Dataset records:
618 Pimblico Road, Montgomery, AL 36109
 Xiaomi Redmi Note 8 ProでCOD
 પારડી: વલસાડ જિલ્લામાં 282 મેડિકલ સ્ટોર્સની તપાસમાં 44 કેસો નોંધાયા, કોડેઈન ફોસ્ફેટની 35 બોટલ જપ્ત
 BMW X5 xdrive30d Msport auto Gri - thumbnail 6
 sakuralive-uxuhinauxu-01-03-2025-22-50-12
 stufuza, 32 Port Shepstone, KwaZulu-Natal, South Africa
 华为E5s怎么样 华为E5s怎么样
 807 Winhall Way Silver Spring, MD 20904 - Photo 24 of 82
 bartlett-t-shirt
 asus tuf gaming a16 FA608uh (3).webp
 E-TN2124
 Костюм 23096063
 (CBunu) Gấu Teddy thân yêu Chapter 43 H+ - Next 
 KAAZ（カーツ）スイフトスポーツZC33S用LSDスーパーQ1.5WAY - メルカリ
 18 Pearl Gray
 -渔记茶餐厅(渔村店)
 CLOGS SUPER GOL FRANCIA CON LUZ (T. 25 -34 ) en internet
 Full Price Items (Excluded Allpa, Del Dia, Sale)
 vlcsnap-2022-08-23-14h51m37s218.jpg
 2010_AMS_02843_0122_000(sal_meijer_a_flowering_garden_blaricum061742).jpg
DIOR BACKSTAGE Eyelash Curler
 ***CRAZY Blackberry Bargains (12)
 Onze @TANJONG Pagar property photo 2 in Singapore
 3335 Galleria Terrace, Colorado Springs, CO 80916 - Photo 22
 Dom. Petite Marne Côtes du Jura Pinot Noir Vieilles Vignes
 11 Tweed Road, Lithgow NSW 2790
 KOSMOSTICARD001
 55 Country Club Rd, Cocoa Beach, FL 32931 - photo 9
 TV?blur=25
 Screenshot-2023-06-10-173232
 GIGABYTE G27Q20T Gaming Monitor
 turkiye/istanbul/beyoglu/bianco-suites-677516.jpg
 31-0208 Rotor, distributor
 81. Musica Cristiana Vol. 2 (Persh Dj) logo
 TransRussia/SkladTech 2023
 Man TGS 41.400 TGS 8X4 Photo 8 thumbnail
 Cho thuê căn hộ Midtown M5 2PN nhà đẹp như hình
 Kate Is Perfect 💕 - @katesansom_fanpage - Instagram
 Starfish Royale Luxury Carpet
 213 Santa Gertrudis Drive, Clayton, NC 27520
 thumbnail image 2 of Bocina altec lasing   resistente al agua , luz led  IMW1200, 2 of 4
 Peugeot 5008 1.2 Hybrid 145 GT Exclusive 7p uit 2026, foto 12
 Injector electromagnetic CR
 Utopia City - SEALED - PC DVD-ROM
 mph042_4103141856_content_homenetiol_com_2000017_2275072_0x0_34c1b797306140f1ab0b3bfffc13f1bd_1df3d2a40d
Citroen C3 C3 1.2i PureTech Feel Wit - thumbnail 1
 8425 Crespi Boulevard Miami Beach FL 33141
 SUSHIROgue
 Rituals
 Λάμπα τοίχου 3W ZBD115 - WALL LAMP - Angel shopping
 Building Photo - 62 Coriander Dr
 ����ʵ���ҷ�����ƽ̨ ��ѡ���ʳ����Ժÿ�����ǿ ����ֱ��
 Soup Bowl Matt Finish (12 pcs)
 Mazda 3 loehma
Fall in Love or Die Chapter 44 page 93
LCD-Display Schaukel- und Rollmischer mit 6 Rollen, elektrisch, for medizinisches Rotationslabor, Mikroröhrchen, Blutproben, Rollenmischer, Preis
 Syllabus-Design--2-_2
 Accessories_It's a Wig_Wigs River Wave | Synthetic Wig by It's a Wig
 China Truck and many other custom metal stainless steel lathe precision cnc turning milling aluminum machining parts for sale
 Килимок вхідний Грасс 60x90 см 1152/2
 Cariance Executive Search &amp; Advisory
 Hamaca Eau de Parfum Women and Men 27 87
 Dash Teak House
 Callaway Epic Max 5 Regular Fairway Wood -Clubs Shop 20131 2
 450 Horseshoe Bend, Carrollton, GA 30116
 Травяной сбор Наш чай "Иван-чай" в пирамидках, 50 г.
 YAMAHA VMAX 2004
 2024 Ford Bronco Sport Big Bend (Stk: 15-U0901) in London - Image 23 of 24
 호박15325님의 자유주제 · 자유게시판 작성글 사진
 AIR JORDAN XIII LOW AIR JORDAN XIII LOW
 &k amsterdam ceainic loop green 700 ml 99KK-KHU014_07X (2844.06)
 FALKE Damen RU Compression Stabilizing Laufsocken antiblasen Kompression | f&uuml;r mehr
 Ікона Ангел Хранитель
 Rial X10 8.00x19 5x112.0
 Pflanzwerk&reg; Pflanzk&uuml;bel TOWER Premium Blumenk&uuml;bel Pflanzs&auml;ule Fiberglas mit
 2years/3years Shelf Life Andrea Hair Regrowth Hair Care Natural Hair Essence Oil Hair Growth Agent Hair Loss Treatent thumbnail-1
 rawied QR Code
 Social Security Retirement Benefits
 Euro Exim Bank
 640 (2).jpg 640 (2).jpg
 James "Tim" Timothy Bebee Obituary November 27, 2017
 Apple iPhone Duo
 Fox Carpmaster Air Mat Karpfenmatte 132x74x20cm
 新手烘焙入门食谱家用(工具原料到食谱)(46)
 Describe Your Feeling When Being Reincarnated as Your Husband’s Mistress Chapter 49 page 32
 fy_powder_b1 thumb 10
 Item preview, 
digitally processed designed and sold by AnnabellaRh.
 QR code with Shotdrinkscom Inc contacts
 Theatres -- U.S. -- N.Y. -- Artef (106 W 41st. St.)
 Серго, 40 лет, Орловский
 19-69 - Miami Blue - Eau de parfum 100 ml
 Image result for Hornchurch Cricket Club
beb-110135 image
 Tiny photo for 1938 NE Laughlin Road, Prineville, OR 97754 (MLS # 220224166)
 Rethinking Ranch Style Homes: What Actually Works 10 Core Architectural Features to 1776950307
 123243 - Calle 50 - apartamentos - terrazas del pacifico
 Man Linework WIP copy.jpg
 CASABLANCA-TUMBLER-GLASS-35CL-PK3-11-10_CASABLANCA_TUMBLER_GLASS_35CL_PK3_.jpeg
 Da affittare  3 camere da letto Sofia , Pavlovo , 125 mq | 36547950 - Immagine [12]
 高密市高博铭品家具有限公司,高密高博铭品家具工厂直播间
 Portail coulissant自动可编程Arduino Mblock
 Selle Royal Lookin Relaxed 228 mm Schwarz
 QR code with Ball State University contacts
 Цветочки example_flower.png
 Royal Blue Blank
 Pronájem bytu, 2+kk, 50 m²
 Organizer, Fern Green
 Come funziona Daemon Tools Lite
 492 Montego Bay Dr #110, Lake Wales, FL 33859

Exercise directions:
What you give back should be exactly the lines of the data above from the line with "vlcsnap-2022-08-23-14h51m37s218.jpg" through the line with "Utopia City - SEALED - PC DVD-ROM", both of those included, and nothing more.

Written answer:
 vlcsnap-2022-08-23-14h51m37s218.jpg
 2010_AMS_02843_0122_000(sal_meijer_a_flowering_garden_blaricum061742).jpg
DIOR BACKSTAGE Eyelash Curler
 ***CRAZY Blackberry Bargains (12)
 Onze @TANJONG Pagar property photo 2 in Singapore
 3335 Galleria Terrace, Colorado Springs, CO 80916 - Photo 22
 Dom. Petite Marne Côtes du Jura Pinot Noir Vieilles Vignes
 11 Tweed Road, Lithgow NSW 2790
 KOSMOSTICARD001
 55 Country Club Rd, Cocoa Beach, FL 32931 - photo 9
 TV?blur=25
 Screenshot-2023-06-10-173232
 GIGABYTE G27Q20T Gaming Monitor
 turkiye/istanbul/beyoglu/bianco-suites-677516.jpg
 31-0208 Rotor, distributor
 81. Musica Cristiana Vol. 2 (Persh Dj) logo
 TransRussia/SkladTech 2023
 Man TGS 41.400 TGS 8X4 Photo 8 thumbnail
 Cho thuê căn hộ Midtown M5 2PN nhà đẹp như hình
 Kate Is Perfect 💕 - @katesansom_fanpage - Instagram
 Starfish Royale Luxury Carpet
 213 Santa Gertrudis Drive, Clayton, NC 27520
 thumbnail image 2 of Bocina altec lasing   resistente al agua , luz led  IMW1200, 2 of 4
 Peugeot 5008 1.2 Hybrid 145 GT Exclusive 7p uit 2026, foto 12
 Injector electromagnetic CR
 Utopia City - SEALED - PC DVD-ROM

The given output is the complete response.